Se ci sono dubbi su se stessi, su un familiare, sul proprio partner, per una consulenza o per informazioni, rivolgersi all’ambulatorio appositamente istituito dal reparto Malattie infettive, telefonando al numero 0564/485022, nei seguenti orari: il lunedì dalle 14.30 alle 16.30; oppure dal martedì al venerdì, dalle 10 alle 12.

I numeri dell’Hiv in provincia di Grosseto

Aumenta il numero dei sieropositivi, in provincia di Grosseto, sia perché è aumentata la sopravvivenza di chi ha contratto il virus, sia perché ogni anno si registrano nuovi casi di infezione, segno che occorre continuare a lavorare sulla prevenzione e sulle attività di educazione.

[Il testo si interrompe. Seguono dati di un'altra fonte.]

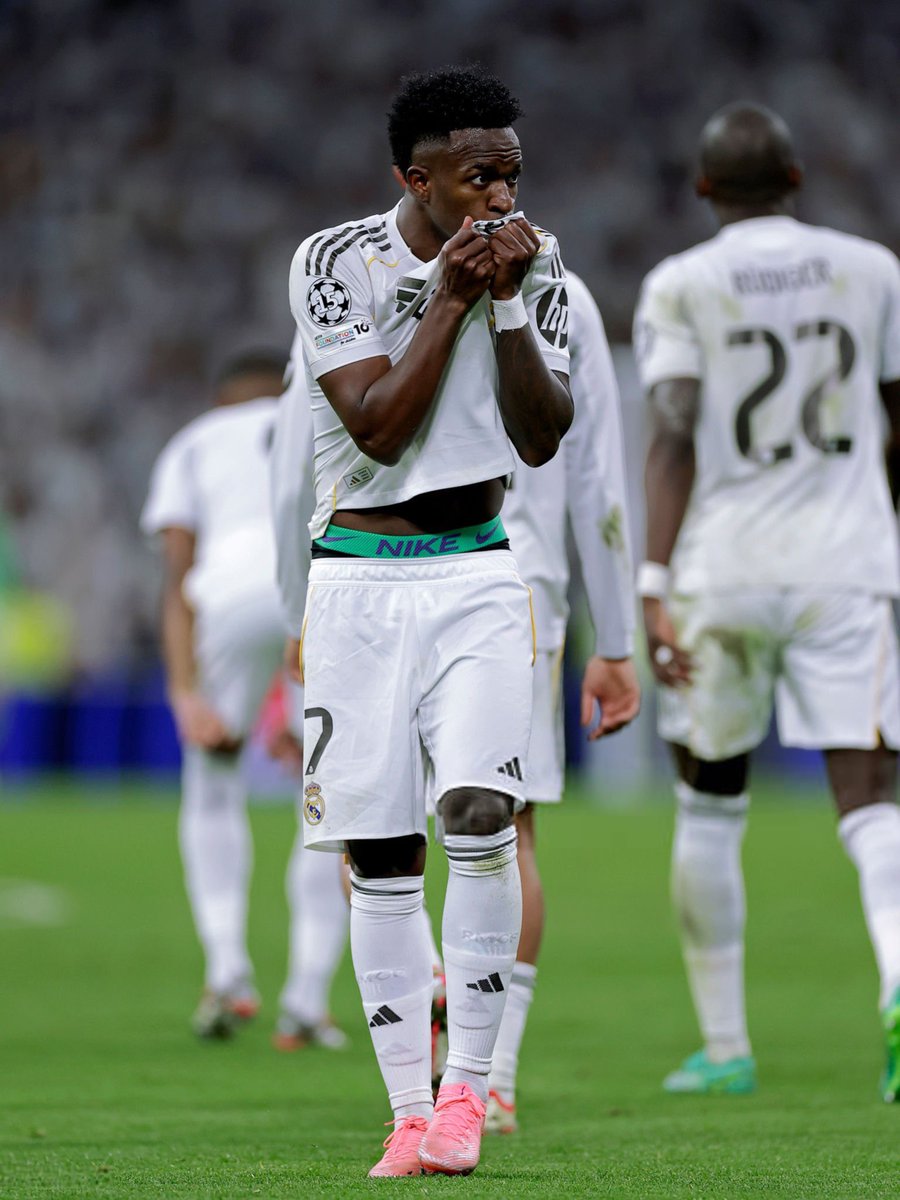 AFC__Xtra's tweet photo. 🚨NEW! 💣 

Vinicius Jnr is demanding a salary worth £470,000 per week. 🇧🇷 🪄 

Arsenal are more than capable to pay that amount.

ℹ️ @talkSPORT https://t.co/35aGdV4Esw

Negli ultimi dieci anni in provincia di Grosseto, la media è stata di circa 13 nuovi  sieropositivi all'anno accertati con il test, di cui la maggior parte sono uomini e che hanno contratto il virus per trasmissione sessuale. L’andamento dei nuovi sieropositivi accertati, dal 2006 al 2014 è il seguente:

nel 2006, 10 nuovi casi; nel 2007, 23 nuovi casi; nel 2008, 9 nuovi casi; nel 2009, 10 nuovi casi; nel 2010, 14 nuovi casi; nel 2011, 20 nuovi casi; nel 2012, 12 nuovi casi; nel 2013, 8 nuovi casi; nel 2014, 15 nuovi casi.  L'età media dei nuovi sieropositivi, negli ultimi dieci anni va da 35 a 44, con un aumento progressivo dagli anni '80 ad oggi.

Per quanto riguarda il numero totale dei pazienti -  ammalati di Aids o sieropositivi accertati con il test – seguiti dalle Malattie infettive dell’ospedale di Grosseto, ad oggi sono circa 400, di cui un terzo donne, con un range di età tra 21 e 79 anni.

“Purtroppo – conclude la dottoressa Nencioni – se consideriamo tutte le persone che non sono a conoscenza di essere sieropositive, il numero sale considerevolmente. Per questo è importante fare il test, in caso di dubbi, e fare molta attenzione ai propri comportamenti e stili di vita”.